Ni éducateur de prévention spécialisée, ni personnel éducatif de l'administration pénitentiaire, l'éducateur de la protection judiciaire de la jeunesse (PJJ) - fonctionnaire du ministère de la Justice - est chargé de mettre en œuvre des mesures, ordonnées par un magistrat, auprès de jeunes délinquants ou en danger. Près de 60 ans après la création de ce corps professionnel, institué au lendemain de la Seconde Guerre mondiale, les éducateurs de la PJJ - 3 730 en 2003 -restent mal connus, estime Véronique Freund, formatrice à l'Institut régional du travail social de Paris. Qui partage son avis lira avec profit cet ouvrage. L'histoire de la profession, ses différents modes et lieux d'exercice, tout comme les débats - récurrents ou nouveaux -qui l'agitent : c'est un voyage très documenté au cœur d'un métier complexe qui est proposé ici. Il se déroule en bonne compagnie, puisque la parole est largement donnée aux intéressés.

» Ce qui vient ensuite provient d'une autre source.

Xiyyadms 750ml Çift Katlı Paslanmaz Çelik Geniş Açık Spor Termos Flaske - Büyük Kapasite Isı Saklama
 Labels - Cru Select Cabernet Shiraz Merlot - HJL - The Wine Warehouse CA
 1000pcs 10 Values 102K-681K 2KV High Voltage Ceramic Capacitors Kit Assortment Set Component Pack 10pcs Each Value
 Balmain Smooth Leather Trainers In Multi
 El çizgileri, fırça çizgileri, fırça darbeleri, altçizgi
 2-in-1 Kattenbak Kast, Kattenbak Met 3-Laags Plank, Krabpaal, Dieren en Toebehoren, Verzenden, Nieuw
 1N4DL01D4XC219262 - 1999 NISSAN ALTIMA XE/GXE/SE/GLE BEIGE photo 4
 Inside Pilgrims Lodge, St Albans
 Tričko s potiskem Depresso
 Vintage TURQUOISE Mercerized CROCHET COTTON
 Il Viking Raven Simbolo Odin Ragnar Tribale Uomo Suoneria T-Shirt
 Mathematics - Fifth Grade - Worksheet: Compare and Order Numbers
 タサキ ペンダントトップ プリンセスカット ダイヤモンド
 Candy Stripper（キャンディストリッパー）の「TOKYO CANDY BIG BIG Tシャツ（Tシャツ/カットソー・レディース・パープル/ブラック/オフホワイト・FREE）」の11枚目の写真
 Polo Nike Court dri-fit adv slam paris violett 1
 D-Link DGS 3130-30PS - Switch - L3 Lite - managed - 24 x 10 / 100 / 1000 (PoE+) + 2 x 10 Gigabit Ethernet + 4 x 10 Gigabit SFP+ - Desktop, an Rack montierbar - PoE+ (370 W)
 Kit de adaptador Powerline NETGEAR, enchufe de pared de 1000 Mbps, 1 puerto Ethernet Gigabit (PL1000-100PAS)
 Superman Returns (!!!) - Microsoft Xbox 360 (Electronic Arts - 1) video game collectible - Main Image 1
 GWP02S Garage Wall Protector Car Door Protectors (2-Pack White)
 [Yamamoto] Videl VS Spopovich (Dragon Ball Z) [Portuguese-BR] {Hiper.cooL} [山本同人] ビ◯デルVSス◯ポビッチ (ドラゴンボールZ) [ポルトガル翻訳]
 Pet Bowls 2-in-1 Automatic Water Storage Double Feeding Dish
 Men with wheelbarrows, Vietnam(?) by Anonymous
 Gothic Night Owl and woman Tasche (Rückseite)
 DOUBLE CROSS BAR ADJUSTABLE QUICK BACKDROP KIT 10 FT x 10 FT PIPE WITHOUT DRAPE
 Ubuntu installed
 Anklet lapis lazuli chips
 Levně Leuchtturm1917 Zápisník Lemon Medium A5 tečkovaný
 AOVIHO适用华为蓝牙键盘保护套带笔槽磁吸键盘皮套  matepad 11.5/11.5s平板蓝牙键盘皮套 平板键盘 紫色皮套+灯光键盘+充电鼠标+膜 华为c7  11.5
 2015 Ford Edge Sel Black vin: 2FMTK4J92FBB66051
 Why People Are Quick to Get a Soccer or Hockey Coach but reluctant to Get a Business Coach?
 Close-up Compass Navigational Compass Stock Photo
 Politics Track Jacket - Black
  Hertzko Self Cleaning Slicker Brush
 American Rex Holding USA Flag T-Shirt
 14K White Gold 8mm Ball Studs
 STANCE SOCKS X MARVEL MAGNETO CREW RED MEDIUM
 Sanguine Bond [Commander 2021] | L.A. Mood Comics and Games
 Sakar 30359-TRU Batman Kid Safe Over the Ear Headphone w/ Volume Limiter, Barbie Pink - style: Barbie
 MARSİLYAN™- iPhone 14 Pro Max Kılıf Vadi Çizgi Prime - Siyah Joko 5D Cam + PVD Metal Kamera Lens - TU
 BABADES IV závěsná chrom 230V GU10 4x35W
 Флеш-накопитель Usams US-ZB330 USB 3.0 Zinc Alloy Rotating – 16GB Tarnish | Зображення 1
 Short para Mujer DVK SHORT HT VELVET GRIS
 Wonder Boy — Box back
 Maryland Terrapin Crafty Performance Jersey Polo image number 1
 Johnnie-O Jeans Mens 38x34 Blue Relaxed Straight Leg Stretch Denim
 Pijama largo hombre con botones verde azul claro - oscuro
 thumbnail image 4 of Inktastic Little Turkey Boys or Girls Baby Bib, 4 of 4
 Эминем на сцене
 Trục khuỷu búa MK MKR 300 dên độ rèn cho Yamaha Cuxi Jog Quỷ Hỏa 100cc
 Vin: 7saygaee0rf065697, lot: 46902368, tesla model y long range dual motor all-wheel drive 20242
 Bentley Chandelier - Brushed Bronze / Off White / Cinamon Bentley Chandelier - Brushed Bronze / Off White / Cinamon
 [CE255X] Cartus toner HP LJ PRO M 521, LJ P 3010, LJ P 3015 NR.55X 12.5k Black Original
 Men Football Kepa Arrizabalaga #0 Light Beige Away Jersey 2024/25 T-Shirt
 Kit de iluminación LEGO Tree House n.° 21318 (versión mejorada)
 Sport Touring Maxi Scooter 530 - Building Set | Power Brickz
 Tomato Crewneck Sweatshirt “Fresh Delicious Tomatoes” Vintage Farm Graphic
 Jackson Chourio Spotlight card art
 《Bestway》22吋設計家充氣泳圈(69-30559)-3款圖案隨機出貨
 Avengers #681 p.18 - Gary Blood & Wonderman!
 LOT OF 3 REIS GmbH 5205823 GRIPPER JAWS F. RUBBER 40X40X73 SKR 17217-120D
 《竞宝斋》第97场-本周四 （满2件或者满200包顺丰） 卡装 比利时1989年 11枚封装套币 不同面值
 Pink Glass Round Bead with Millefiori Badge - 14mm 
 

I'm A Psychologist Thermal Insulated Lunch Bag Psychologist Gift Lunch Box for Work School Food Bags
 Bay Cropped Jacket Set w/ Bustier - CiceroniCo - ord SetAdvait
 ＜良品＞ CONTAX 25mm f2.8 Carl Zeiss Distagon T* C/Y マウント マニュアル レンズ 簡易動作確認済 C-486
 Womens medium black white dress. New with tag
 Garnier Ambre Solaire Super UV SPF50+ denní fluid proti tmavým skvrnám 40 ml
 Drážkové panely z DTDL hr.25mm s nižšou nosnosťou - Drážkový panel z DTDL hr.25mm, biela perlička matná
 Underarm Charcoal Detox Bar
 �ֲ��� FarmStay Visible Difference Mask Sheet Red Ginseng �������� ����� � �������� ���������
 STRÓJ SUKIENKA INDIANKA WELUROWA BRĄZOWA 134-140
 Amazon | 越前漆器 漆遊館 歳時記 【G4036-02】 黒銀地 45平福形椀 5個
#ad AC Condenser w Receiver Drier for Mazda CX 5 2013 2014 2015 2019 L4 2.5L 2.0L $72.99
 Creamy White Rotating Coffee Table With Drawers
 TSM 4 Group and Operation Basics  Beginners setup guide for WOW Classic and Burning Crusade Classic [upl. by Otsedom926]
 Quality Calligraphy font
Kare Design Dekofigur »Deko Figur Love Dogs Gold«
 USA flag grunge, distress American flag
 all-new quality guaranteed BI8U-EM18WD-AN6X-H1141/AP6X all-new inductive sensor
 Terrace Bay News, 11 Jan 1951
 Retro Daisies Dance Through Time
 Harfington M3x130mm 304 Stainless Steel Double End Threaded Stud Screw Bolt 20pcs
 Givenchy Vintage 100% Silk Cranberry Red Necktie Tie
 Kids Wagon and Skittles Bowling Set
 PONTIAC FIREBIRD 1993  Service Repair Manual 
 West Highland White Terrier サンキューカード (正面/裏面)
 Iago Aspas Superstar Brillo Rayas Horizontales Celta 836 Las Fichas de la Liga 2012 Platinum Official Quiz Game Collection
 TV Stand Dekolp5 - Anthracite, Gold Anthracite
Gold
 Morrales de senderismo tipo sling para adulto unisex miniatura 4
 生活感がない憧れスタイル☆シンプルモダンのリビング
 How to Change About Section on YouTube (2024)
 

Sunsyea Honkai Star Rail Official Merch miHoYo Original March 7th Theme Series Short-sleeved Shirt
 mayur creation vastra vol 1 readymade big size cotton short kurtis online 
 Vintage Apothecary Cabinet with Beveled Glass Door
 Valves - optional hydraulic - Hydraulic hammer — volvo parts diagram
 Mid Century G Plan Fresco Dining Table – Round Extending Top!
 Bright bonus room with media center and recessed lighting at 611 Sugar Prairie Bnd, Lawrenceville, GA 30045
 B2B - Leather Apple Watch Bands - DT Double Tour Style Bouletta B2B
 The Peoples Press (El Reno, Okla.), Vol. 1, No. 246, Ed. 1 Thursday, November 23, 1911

Ces derniers ne dissimulent pas leurs difficultés. Pris entre un feu nourri de critiques - émanant, notamment, de la Cour des comptes -, des conditions de travail qui, selon eux, ne permettent pas de faire face au nombre croissant de mesures ni aux problématiques de plus en plus complexes des jeunes et un contexte économique et social défavorable, les éducateurs s'interrogent sur les finalités de leur action et son indépendance par rapport à la commande politique. « Les orientations sécuritaires actuelles mettent à l'épreuve l'identité de la profession », souligne Véronique Freund.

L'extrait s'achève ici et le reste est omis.